Naquela mulata estava o grande mistério, a síntese das impressões que ele recebeu
chegando aqui: ela era a luz ardente do meio-dia; ela era o calor vermelho das sestas da
fazenda; era o aroma quente dos trevos e das baunilhas, que o atordoara nas matas
brasileiras; era a palmeira virginal e esquiva que se não torce a nenhuma outra planta; era o
veneno e era o açúcar gostoso; era o sapoti mais doce que o mel e era a castanha do caju, que
abre feridas com o seu azeite de fogo; ela era a cobra verde e traiçoeira, a lagarta viscosa, a
muriçoca doida, que esvoaçava havia muito tempo em torno do corpo dele, assanhando-lhe os
desejos, acordando-lhe as fibras embambecidas pela saudade da terra, picando-lhe as artérias,
para lhe cuspir dentro do sangue uma centelha daquele amor setentrional, uma nota daquela
música feita de gemidos de prazer, uma larva daquela nuvem de cantáridas que zumbiam em
torno da Rita Baiana e espalhavam-se pelo ar numa fosforescência afrodisíaca.
8. (Fuvest 2015) O efeito expressivo do texto – bem como seu pertencimento ao Naturalismo
em literatura – baseia-se amplamente no procedimento de explorar de modo intensivo aspectos
biológicos da natureza.

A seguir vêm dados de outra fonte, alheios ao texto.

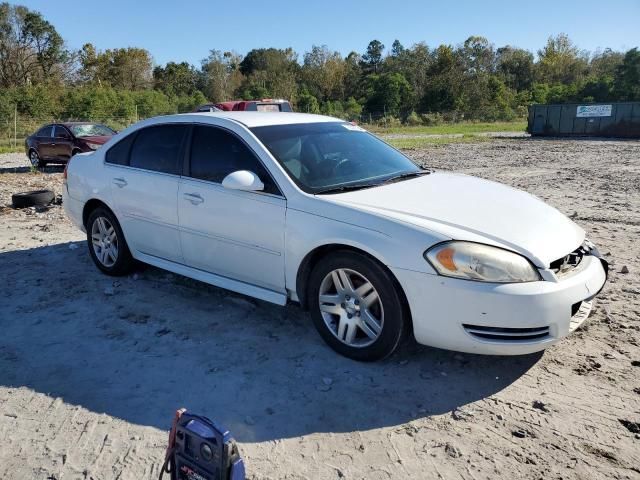 2010 Chevrolet Impala LS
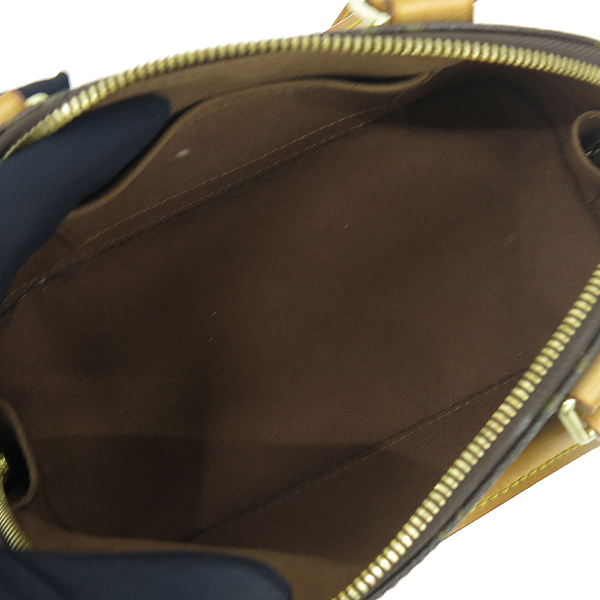 Louis Vuitton(���̺���) M53152 ���׷� ĵ���� �˸� BB ��Ʈ�� + �����Ʈ�� 2WAY �̹���5 - ���̺��� �߰���ǰ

Entre esses procedimentos empregados no texto, só NÃO se encontra
a
a) representação do homem como ser vivo em interação constante com o ambiente.
b) exploração exaustiva dos receptores sensoriais humanos (audição, visão, olfação,
gustação), bem como dos receptores mecânicos.
c) figuração variada tanto de plantas quanto de animais, inclusive observados em sua
interação.
d) ênfase em processos naturais ligados à reprodução humana e à metamorfose em animais.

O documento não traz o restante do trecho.